The four new modules (one of which is covered in Game, Set and Master Match) are all solid additions to the roster. One is a channel strip, comprising compressor, EQ, exciter, low-end enhancer and limiter, presented as a set of ‘macro’ controls, each of which adjusts various behind-the-scenes settings.
The EQ section, for example, consists of Air, Focus and Body knobs, while compression and limiting are dialled in with Push and Volume. Valve-style saturation is on tap via the Analog knob; Bass Punch and Transients tighten up the bottom end and emphasise/deemphasise attack transients respectively; and the Width knob narrows or widens the stereo image. It sounds fantastic and gives the newcomer to mastering an intuitive assisted processing solution, but it’s not going to be anyone’s first choice for detailed sculpting.

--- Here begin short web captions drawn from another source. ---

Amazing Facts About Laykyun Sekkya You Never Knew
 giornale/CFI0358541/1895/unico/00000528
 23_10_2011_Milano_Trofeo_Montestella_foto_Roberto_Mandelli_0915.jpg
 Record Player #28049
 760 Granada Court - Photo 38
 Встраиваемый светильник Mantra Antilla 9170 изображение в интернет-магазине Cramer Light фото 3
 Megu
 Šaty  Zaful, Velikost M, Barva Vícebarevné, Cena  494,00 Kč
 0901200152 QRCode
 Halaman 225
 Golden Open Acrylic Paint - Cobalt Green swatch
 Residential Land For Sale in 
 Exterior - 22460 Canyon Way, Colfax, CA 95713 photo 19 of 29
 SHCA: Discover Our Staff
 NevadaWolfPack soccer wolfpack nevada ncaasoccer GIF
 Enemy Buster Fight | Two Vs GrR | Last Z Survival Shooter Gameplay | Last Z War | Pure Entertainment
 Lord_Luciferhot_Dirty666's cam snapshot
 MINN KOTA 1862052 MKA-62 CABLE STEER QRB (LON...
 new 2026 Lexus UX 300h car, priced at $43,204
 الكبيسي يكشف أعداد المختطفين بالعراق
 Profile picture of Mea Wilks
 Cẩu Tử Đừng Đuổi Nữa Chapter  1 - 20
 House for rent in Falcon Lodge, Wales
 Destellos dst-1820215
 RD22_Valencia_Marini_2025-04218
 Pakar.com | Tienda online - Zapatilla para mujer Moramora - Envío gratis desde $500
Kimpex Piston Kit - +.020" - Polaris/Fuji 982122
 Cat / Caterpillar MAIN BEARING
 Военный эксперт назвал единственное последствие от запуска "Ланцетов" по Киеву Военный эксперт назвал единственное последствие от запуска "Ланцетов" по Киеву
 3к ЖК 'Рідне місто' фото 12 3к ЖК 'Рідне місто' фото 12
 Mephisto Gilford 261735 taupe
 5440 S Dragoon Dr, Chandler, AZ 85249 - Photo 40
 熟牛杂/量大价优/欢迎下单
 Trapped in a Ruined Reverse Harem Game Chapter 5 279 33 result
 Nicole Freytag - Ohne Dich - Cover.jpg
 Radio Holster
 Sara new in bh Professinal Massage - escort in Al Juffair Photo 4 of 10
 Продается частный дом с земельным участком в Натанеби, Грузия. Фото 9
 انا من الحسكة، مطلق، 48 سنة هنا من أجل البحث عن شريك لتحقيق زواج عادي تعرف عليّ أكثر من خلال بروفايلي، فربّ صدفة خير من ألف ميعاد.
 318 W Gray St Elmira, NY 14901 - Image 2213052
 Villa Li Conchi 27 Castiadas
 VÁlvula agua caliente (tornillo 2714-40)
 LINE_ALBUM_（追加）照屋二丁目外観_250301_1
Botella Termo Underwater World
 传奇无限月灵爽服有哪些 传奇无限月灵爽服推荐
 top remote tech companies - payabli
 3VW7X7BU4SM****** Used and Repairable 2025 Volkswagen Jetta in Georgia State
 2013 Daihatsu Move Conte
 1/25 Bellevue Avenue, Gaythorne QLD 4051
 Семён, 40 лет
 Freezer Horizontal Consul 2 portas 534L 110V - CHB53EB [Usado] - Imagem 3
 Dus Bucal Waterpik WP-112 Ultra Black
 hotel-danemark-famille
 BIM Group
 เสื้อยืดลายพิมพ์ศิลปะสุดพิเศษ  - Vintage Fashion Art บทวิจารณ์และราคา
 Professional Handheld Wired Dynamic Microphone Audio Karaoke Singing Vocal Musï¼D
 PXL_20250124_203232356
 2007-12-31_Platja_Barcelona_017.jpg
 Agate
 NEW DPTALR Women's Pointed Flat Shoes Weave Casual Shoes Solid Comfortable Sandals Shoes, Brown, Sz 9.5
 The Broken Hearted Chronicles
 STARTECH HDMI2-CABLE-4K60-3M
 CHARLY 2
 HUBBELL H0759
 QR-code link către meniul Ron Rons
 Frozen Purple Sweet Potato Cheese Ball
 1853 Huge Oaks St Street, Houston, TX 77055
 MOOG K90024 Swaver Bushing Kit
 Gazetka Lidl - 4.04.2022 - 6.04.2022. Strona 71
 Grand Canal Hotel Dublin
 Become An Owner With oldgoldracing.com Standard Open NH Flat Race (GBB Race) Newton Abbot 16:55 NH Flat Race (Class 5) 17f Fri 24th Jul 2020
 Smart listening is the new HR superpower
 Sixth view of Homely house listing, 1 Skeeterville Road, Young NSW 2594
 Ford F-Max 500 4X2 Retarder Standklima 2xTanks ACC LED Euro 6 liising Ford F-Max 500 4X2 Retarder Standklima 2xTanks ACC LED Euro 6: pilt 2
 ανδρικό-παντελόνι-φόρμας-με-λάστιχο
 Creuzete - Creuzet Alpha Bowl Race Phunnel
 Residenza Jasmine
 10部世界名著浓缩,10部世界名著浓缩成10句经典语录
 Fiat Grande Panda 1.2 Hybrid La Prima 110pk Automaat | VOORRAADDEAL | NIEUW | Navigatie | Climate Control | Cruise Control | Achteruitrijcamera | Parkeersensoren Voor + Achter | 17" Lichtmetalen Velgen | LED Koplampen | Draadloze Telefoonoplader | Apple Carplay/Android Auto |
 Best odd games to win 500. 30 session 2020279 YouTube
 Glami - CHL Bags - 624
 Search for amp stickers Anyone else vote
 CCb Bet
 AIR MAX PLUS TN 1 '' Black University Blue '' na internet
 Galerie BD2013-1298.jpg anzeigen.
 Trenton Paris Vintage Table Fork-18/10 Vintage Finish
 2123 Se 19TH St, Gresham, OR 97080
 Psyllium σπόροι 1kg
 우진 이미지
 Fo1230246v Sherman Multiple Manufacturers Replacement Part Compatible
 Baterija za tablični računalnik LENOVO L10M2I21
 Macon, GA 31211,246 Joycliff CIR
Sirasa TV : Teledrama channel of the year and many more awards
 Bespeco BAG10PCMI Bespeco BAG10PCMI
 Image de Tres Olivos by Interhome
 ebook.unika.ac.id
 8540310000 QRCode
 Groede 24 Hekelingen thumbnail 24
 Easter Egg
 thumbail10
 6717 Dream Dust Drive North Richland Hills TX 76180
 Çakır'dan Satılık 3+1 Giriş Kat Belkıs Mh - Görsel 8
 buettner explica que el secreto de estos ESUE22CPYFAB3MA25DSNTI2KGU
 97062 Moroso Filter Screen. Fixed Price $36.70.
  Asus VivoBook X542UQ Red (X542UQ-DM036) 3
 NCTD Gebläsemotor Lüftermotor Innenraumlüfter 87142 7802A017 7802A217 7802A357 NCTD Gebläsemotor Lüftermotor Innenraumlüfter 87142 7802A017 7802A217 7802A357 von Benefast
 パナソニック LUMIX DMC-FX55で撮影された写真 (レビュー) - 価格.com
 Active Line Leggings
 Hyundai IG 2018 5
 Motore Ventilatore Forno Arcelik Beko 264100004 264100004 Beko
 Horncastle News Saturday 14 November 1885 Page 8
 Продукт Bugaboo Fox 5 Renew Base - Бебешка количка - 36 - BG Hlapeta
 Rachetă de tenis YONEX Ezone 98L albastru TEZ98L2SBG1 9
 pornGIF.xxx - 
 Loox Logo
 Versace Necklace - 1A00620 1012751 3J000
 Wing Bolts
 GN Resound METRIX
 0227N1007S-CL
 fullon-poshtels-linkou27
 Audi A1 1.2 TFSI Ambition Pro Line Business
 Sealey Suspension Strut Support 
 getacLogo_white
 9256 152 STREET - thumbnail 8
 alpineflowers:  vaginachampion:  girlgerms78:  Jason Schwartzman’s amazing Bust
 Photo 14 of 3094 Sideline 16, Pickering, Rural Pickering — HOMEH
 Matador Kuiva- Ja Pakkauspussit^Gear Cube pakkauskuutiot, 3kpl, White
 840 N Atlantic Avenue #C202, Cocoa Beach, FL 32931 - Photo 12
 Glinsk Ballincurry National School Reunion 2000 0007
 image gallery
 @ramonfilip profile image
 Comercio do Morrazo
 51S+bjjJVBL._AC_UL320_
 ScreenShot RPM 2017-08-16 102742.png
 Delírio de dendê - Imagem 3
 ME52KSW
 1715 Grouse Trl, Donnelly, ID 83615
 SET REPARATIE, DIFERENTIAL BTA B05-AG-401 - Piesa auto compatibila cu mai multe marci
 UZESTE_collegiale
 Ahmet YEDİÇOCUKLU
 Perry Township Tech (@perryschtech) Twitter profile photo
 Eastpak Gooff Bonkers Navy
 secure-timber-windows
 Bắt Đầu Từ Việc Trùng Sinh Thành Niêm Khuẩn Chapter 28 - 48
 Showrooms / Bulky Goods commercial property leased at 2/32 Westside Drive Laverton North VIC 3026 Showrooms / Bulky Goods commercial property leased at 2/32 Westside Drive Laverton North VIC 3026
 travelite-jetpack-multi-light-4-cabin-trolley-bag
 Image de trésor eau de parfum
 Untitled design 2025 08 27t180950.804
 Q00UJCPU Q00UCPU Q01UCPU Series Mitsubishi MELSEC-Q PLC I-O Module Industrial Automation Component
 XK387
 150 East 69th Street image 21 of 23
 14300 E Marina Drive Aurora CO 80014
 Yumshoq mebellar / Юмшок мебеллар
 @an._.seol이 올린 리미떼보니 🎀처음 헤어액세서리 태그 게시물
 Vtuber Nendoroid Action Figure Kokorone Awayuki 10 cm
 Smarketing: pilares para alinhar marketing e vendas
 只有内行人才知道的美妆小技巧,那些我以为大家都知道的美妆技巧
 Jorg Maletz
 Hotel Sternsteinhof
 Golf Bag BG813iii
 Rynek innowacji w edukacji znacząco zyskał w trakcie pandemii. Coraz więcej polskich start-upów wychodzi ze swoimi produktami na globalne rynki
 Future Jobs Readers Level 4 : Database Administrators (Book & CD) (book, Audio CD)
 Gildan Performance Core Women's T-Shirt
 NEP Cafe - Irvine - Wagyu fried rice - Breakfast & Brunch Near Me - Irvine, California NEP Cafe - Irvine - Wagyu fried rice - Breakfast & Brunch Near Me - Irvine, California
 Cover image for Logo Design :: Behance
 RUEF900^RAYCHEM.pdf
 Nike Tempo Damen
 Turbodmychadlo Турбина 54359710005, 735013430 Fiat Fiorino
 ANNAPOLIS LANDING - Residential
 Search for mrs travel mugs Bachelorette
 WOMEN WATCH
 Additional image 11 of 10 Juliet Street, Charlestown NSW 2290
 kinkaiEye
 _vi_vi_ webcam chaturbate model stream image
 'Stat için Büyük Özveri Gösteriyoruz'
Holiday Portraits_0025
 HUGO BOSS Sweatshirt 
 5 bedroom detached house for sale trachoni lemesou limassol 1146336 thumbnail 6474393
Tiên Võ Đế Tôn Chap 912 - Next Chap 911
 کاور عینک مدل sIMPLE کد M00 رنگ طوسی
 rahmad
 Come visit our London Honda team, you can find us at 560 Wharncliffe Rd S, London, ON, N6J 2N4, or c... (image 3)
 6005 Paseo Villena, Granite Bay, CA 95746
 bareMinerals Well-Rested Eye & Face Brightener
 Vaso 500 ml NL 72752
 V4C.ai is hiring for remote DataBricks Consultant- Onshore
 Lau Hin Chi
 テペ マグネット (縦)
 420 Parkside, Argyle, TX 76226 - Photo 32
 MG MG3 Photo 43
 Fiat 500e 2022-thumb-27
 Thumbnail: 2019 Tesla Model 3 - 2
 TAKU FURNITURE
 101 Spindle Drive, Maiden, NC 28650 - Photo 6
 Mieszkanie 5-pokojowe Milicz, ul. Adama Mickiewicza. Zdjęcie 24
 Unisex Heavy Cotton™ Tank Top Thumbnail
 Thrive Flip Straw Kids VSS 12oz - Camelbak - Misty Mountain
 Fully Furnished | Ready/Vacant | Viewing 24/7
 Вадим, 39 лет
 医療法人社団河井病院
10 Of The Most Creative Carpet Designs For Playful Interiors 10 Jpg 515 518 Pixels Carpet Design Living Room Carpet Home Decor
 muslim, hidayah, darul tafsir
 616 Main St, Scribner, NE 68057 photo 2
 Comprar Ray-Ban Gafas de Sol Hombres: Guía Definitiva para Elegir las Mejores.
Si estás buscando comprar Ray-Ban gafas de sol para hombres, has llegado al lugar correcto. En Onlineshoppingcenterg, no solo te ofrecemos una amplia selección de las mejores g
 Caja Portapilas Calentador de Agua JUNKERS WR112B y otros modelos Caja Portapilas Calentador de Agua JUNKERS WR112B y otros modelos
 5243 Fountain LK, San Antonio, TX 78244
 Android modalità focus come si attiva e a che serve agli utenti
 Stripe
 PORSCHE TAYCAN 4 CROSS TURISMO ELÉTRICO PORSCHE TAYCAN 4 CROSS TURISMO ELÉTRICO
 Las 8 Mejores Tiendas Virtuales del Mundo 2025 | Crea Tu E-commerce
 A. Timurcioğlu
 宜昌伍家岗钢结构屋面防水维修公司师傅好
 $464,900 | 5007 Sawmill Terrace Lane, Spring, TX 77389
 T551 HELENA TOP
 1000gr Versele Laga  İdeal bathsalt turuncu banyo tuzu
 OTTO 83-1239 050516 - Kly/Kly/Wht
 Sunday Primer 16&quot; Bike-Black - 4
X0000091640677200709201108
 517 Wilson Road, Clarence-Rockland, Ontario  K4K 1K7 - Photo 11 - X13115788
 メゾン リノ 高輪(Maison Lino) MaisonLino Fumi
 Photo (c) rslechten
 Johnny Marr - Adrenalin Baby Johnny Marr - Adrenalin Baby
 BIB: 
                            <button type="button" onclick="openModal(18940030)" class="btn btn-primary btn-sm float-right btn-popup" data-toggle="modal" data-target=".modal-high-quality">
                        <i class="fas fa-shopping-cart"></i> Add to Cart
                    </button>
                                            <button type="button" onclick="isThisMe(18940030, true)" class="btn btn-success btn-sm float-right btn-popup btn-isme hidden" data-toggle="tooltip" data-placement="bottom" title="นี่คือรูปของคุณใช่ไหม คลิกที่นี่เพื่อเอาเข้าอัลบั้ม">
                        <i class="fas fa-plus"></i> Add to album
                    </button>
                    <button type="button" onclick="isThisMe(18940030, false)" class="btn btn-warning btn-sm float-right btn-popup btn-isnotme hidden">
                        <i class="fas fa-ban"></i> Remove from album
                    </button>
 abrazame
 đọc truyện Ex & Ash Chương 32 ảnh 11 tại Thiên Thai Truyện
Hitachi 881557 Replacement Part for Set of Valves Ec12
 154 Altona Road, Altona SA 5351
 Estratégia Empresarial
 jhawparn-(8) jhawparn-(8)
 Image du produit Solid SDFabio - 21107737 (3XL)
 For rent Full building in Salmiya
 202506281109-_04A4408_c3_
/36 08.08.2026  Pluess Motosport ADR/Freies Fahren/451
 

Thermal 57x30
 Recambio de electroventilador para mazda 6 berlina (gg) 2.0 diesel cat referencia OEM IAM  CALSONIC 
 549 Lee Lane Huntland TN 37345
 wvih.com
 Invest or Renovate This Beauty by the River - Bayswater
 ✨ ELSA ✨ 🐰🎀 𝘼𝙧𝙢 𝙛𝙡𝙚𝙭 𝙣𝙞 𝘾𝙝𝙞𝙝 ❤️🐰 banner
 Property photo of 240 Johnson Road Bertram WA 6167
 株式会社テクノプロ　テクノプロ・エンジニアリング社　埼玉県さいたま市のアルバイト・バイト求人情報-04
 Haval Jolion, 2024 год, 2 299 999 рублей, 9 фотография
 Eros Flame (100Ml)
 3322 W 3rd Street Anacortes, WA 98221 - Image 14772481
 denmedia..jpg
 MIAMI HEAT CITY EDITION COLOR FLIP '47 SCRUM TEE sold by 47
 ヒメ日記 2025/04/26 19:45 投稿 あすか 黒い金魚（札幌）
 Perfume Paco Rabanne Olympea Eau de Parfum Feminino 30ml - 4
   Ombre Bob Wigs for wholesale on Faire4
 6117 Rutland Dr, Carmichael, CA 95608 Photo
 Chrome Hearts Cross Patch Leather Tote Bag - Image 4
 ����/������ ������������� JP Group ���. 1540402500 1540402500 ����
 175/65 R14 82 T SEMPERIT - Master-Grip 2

Dyna-Mu is an emulation of the Manley Variable MU compressor. IK describe it as “indistinguishable from the hardware”, and it does sounds absolutely lovely, oozing warmth, musicality and working wonders on drum overheads and the master bus.
Finally, EQual is a flexible ten-band parametric equaliser. Every band can be set to one of nine filter types (high-pass, low-pass, shelf, bell, tilt, etc), each one offering up to ten circuit modelling options, including a variety of Neve, SSL and API emulations. It’s s a versatile hybrid EQ for both mixing and mastering.
The right side of the T-RackS
T-RackS 5’s interface is a night-and-day improvement, the change reminding us of Superior Drummer 3’s joyous metamorphosis; and the Metering section is a major step up, too.
Those alone give the whole thing the sheen and excitement factor of a whole new application, but the four new processors also play their part - particularly Dyna-Mu - and Album Assembly is simple but effective. This is a transformative update, making IK’s professional effects suite feel more relevant and capable than ever.